**What this task involves**
Line count for "Beach": give the number of lines in the records below that hold it, and nothing else.

---------- Material supplied ----------

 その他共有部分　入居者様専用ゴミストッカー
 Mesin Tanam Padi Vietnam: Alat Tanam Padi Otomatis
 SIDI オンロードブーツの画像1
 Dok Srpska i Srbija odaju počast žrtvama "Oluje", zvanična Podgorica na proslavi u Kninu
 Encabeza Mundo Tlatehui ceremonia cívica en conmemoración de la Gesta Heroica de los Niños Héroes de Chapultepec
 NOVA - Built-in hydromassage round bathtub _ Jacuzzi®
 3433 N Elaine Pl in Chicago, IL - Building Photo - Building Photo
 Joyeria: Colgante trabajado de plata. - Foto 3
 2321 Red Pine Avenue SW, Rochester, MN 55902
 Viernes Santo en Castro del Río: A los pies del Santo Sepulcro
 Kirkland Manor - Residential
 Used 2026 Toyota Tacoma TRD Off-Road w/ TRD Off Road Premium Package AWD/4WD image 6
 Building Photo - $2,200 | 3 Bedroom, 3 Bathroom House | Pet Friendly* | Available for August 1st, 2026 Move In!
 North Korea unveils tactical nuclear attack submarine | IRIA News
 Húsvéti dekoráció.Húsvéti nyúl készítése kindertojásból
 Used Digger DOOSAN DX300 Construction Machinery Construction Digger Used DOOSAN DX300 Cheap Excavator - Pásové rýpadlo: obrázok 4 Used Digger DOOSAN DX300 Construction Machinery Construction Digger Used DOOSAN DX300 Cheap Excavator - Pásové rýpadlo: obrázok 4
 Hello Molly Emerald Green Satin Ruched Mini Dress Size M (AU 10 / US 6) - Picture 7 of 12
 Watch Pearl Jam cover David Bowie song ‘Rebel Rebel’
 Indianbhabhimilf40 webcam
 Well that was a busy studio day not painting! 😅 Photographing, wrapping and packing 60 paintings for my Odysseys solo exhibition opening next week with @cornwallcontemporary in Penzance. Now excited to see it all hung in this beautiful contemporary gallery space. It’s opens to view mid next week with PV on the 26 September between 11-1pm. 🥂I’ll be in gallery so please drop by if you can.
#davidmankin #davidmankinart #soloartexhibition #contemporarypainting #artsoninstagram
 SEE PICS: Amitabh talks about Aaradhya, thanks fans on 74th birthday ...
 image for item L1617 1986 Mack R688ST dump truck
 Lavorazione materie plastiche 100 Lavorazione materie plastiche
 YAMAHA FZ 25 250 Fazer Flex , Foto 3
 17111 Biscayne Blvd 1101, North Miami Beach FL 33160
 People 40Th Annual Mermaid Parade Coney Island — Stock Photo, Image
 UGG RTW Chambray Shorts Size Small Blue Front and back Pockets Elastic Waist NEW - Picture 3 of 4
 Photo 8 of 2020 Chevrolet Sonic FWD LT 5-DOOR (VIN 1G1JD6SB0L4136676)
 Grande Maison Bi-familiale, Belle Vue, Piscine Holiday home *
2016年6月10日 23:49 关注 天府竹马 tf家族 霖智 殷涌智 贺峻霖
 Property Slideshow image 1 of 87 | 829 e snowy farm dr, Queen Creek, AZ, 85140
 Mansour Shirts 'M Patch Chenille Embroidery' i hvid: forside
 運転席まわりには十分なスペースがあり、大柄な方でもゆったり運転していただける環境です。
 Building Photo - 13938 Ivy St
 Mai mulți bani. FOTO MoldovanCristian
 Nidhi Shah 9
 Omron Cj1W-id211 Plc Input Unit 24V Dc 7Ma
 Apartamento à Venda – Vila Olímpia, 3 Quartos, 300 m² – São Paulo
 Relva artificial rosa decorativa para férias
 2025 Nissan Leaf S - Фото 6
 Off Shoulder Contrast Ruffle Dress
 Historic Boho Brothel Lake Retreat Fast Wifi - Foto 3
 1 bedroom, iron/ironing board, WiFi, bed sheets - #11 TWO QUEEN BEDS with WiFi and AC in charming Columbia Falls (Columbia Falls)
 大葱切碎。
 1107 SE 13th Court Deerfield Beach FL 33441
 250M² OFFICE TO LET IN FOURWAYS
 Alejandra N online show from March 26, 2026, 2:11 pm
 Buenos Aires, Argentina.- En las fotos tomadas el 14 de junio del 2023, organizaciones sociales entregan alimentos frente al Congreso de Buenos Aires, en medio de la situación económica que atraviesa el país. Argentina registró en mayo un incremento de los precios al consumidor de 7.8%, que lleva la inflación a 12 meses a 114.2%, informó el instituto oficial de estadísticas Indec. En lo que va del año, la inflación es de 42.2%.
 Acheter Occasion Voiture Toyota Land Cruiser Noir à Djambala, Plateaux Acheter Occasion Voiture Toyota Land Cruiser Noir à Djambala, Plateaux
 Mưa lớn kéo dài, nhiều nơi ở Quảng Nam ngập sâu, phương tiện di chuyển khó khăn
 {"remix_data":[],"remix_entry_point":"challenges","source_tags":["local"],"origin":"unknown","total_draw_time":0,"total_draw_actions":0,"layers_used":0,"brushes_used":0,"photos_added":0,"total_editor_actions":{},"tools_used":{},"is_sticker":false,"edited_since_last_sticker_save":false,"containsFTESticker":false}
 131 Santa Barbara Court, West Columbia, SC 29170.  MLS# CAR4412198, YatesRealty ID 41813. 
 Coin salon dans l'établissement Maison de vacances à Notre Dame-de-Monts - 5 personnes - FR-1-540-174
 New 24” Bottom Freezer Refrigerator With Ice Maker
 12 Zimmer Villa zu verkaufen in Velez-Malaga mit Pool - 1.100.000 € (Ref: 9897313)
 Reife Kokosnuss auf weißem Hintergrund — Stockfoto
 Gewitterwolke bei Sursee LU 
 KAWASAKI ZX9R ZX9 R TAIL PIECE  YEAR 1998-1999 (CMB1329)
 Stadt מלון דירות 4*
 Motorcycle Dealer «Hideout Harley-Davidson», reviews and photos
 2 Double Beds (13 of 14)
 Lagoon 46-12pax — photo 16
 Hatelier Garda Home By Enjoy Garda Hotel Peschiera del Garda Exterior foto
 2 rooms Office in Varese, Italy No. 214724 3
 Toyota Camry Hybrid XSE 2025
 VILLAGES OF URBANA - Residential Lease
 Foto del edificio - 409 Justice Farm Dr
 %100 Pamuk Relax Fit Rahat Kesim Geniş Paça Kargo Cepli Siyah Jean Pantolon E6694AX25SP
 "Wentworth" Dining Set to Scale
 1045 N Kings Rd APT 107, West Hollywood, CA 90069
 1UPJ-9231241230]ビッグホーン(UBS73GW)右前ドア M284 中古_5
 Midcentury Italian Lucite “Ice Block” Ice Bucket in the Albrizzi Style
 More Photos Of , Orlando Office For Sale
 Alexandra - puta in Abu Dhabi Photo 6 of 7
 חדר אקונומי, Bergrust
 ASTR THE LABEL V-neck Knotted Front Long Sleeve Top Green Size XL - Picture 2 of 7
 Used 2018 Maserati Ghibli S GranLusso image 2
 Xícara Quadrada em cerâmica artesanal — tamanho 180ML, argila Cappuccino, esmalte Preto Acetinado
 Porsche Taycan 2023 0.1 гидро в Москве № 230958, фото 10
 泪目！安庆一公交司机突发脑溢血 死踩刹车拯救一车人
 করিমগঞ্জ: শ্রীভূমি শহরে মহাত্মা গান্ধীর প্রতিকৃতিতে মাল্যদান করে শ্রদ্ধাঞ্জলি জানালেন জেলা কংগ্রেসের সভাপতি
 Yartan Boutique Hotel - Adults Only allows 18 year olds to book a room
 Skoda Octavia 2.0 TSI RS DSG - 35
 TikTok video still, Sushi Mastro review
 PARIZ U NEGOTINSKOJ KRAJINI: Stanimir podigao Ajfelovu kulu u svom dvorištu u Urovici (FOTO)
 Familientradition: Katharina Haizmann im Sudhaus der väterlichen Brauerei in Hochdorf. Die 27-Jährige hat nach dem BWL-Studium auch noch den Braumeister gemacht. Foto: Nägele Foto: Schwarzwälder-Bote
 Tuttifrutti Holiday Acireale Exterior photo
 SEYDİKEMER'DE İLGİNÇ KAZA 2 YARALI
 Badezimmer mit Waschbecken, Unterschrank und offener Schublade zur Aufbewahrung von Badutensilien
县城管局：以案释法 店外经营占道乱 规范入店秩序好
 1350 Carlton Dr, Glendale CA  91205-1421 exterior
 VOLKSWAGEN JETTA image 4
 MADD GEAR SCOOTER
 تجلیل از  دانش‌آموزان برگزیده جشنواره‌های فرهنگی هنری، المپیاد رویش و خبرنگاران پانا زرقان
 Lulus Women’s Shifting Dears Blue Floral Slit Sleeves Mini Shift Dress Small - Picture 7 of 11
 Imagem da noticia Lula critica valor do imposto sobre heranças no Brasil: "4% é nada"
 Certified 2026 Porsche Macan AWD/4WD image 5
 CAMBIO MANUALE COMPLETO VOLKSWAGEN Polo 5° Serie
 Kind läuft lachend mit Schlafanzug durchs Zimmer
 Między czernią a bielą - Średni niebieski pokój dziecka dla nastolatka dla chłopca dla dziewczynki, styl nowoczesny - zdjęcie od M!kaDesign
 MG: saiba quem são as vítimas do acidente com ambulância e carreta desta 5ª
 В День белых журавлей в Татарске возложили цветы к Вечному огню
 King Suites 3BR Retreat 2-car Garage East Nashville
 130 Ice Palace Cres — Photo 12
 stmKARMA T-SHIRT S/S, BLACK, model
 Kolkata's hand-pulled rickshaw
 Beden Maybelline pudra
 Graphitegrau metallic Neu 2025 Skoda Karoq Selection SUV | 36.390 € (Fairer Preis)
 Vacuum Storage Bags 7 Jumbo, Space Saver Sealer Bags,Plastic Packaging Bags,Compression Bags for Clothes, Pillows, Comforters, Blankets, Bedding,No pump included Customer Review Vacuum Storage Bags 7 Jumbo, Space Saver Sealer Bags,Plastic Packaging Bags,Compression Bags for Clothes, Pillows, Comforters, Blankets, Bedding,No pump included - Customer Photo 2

----------

**Expected answer**
2